Three weeks after the tumultuous midterm elections, political analysts still crunching Election Day numbers seem to have reached the conclusion that suburban Republican voters rejecting pro-Trump GOP candidates were key to the Democratic success story in congressional races.

In other words, the Detroit area suburbanites — particularly well-educated women, and especially moms of young kids and teens – that stood as a contrarian force amid Donald Trump’s 2016 razor-thin win in Michigan emerged as the pacesetters in 2018.

This time, suburban voters in prosperous areas of Oakland County and western Wayne County shunned their Republican upbringing to an even greater degree, helping to supply the margin of victory for Democrats – Governor-elect Gretchen Whitmer, Secretary of State-elect Jocelyn Benson and Attorney General-elect Dana Nessel.

As is customary, on Nov. 6 Macomb County voters remained the stubborn, maverick group in the bunch as top-of-the-ticket Democrats carried the county by narrow margins – if at all. But it’s also important to remember that the flip in Macomb was a much heavier lift for Dems as Trump won there in 2016 by a surprising 48,000 votes.

Suburban voters ruled

The bottom line is that suburban voters nationwide, even as they remain conflicted on certain issues, delivered the defining difference in the areas outside of Detroit, Minneapolis, Atlanta, Dallas, Houston, Seattle, New York and Washington, D.C. The election outcomes in those outer-city areas were not even close, as the Democrats took over the House.

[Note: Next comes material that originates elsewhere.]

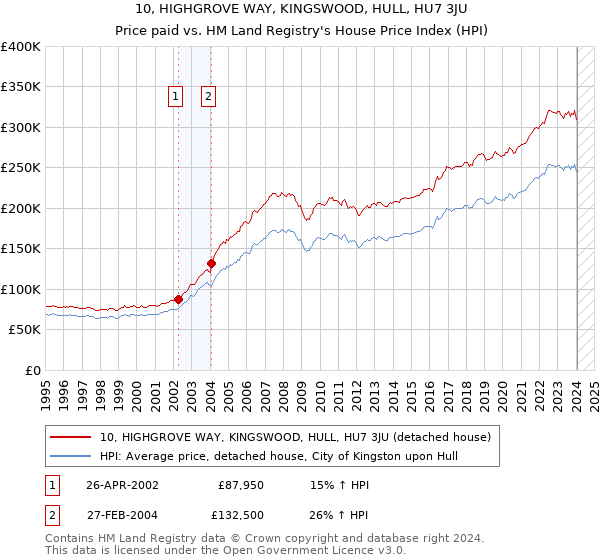 10, HIGHGROVE WAY, KINGSWOOD, HULL, HU7 3JU: Price paid vs HM Land Registry's House Price Index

The “second” bottom line is that no one knows how these suburbanites will vote in 2020 as they weigh social issues vs. economic issues, and local issues vs. national issues.

Delusional Democrats believe that the trend toward Blue suburban areas means that these communities now lean toward progressive ideas such as free health care and free college for all. That would be a mistake. These suburbanites remain persuadable voters, independents who lean toward one party or the other without pledging allegiance to either.

One analyst put it this way in an interview with the New York Times: “People are capable of massive intellectual contradictions in politics.”

The question becomes whether these well-off suburban voters can be viewed as reliable partners in a diverse Democratic coalition. Their economic interests at the local level do not align with poorer, minority Democratic voters who want more affordable housing, integrated schools or various social services funded by higher taxes.

Suburbanites remain conflicted

Political scientist Jefferey Sellers told the Times that GOP voters in denser, close-in suburbs tend to be more cosmopolitan than in rural areas and turned off by culture-war issues that animate other Republican voters. But they’re also mostly fiscal conservatives who shun many urban voters’ willingness to expand government.

According to The Washington Post, the racial divide between whites and minorities still creates the biggest electoral valley in America in 2018. But the geography of rural vs. urban – and all the variations of suburbia in between – serves as the fastest growing division within the electorate.

Veteran political pundit Dan Balz of the Post points out that the House will be up for grabs again in 2020, as about half of the roughly 80 most competitive races this year were won by five points or fewer, split about evenly between the two parties.

One more monkey wrench in all the pontificating two years before the next presidential election was presented last week by the nerds over at FiveThirtyEight who have crunched the numbers more than any other news website.

FiveThirtyEight offers the glum view that as recently as the 1970s people cast their votes based on the person rather than the party. Partisan loyalties were often set aside in favor of the character and attributes of an individual candidate.

But in a Nov. 20 piece that offered this cringe-worthy headline, “Everything is partisan and correlated and boring,” the FiveThirtyEight researchers offered an alternate view on the November congressional election results in 2018.

Relying upon their computer programs and algorithms, they found that the midterm election results for the House could have easily been predicted weeks ahead of time. How? Simply by relying upon averages from various generic polls (a voter preference for a Democratic or Republican candidate) plus the analytics that recorded a Dem advantage in competitive races.

In the end, the average Democratic candidate in a contested House district outperformed his or her district’s overall partisan preference by 7.3 percentage points, which almost exactly mirrors the national House popular vote.

In other words, local issues in 2018 had very little impact. The Dem vs. GOP tribalism ruled. And the final midterm numbers showed that the trend toward House races becoming enveloped in national politics took another step forward.

Nathaniel Rakich, the FiveThirtyEight elections analyst, offered this conclusion:

Elections are complex, with many different issues factoring into people’s votes. And even though it’s touted as a national election, the U.S. House of Representatives election is 435 different elections — enough races that the bulk can go to form, while still leaving dozens to move in idiosyncratic ways. Still, those are the exceptions, not the rule. Most districts moved in tandem. That doesn’t mean there are no persuadable voters left in American politics. There are plenty — Democrats couldn’t have carried so many Red districts without them. But those voters are increasingly responding to national issues, not local quirks.